麦汁ろ過の工程で最初にもろみから自然に流れ出る「一番搾り麦汁」だけを使用することで、麦芽の上質なうまみを丁寧に引き出してビールをつくる製法を開発しました。渋みをおさえたまろやかな味わいのビールができます。

ビール系飲料の製造工程で、活性炭にプリン体を選択的に吸着させて取り除く技術を開発しました。活性炭には微細な空隙があり、プリン体を除去するのに最適なサイズを探し当てた世界初の特許技術です。

大豆たんぱくからアミノ酸や大豆ペプチドを生成し、糖を加えて加熱することで、深みのある味と香りと黄金色の液色を引き出す特許技術を開発しました。食品中のアミノ酸と糖を加熱することでうまみやコクを出すという、食品の世界ではよく知られている「アミノカルボニル反応」を応用したもので、カレーやおでんなどをじっくり煮込むほどおいしくなるのもこの反応によるものです。

リサーチ・マーケティングにより、糖質オフ・ゼロ商品市場を分析し、お客様の味覚への満足度が十分でないという潜在ニーズに着目して、「キリン のどごし<生>」で培った当社独自のコク味付与技術を採用し、深みのある味わいとボディ感をつくりあげました。また、カラメル麦芽による麦の香ばしさや、ファインアロマホップ、アロマホップによる引き締まった苦味が実感できる味わいに仕上げると同時に、カロリーオフ(栄養表示基準による)も実現しました。

酵母が働きやすい環境で新ジャンルの発酵を行い、高い発酵度とキレの向上を実現する技術を開発しました。

ビールテイスト飲料として世界で初めて※“アルコール0.00%”を実現しました。ビールの麦汁製造技術と香味調合技術を駆使して、酵母を一切使用せず、発酵させずに、飲みごたえのあるビールテイストを実現する技術です。
(※ビールテイスト飲料カテゴリーにおける。キリンビール調べ)

麦芽以外の原料を使う発泡酒や新ジャンルで生じる課題を解決するため、ビール酵母の遺伝子、遺伝子発現、タンパク質、代謝物、表現型の各レベルを総合的に評価し、活性を診断する最新技術を開発。品質や工程の改善、新商品開発に貢献する実用性が高く評価され、「2012年度農芸化学技術賞」を受賞しました。

国産ブドウを使用したファインワインの品質向上に取り組んでいます。2009年の第7回「国産ワインコンクール」で、「シャトーメルシャン」シリーズなど3品が金賞、3品が最優秀カテゴリー賞を受賞するなど、その品質は高く評価されています。

メルシャンは、キリンビールと共同で、ワインの品質保持性を強化した「ワインのためのペットボトル」を開発し、この容器を使用したワインを2010年から全国で販売しています。

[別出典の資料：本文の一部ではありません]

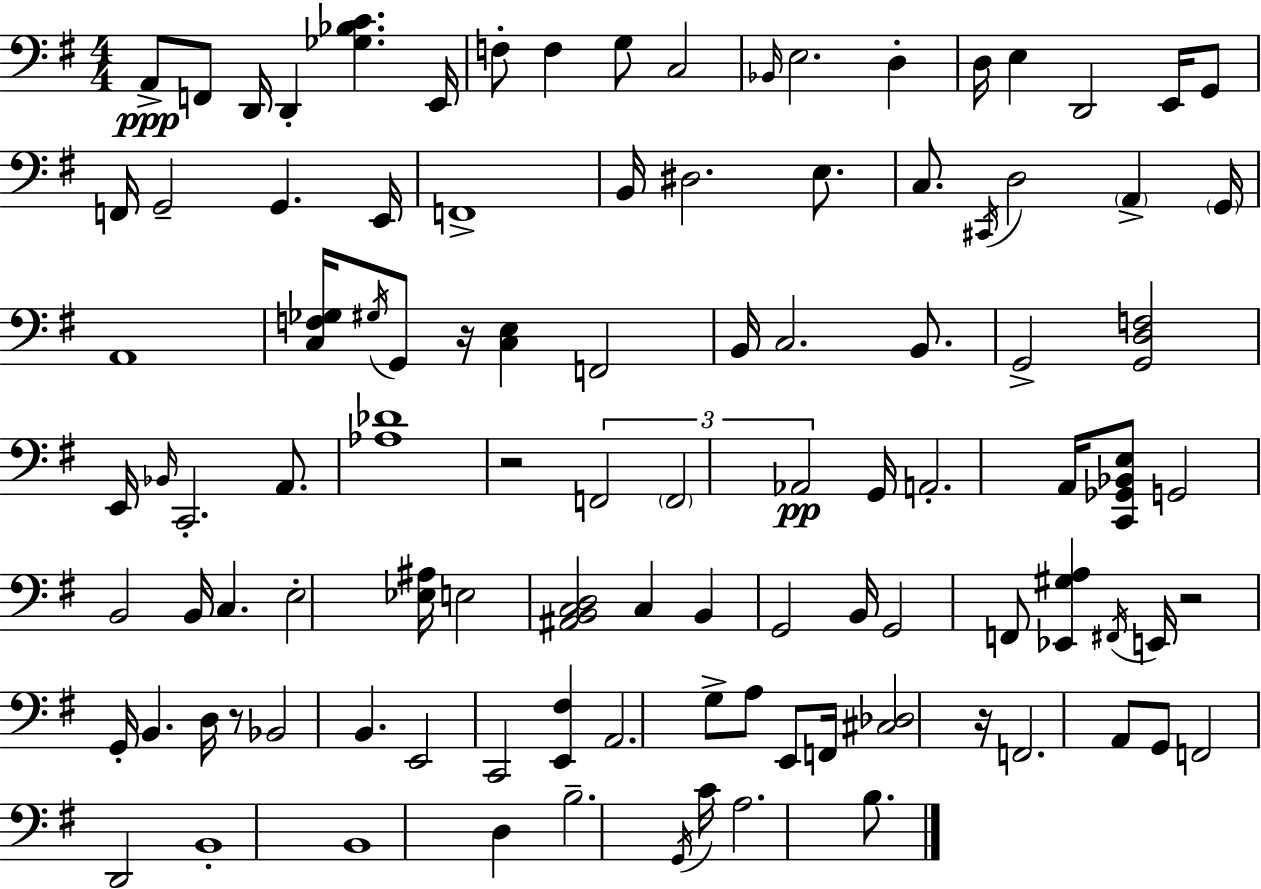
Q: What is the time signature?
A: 4/4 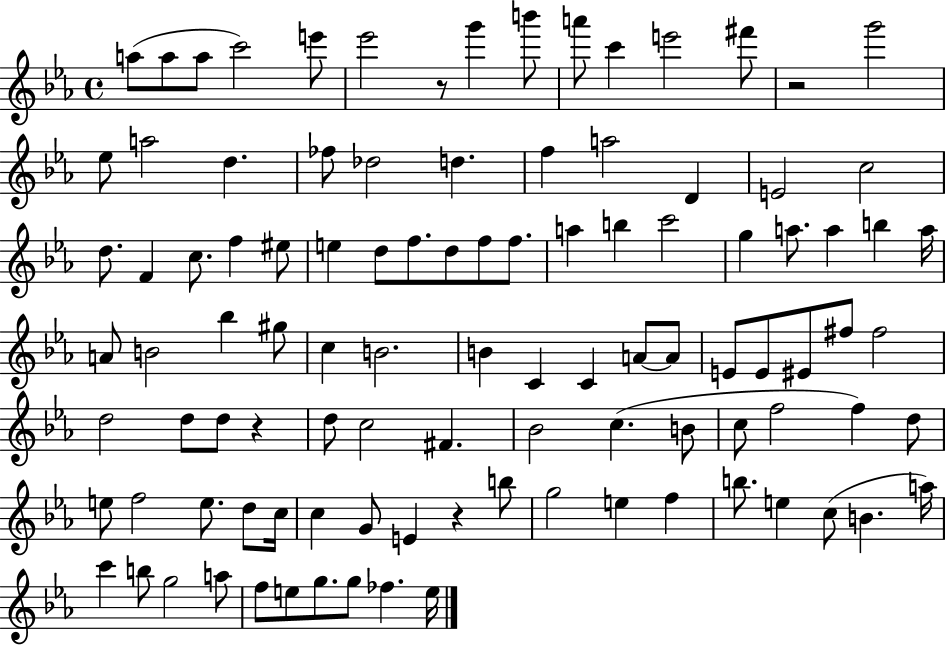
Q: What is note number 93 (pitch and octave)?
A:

従来のガラス瓶の商品と比べて重量が軽く、リサイクル可能な環境に優しい仕様です。

ワインと魚介を組み合わせたときに感じる生臭みが「におい」であり、ワイン中の鉄が関与することを解明し、国内外で大きな注目を集めました。

箱の四隅を切り落とした「コーナーカットカートン」を開発しました。持ち運びやすく、紙の使用量を削減できるほか、独自の設計により高速での箱詰めにも対応できます。世界包装コンテストでワールドスター賞を受賞しました。

箱の中に特製の袋を入れたバッグインボックスのタイプのパッケージです。蛇口の取り付け位置を下げ、箱に「コーナーカット」や「傾け機能」を持たせることで、中味が少なくなってからの注ぎ残しを少なくすることができるようになりました。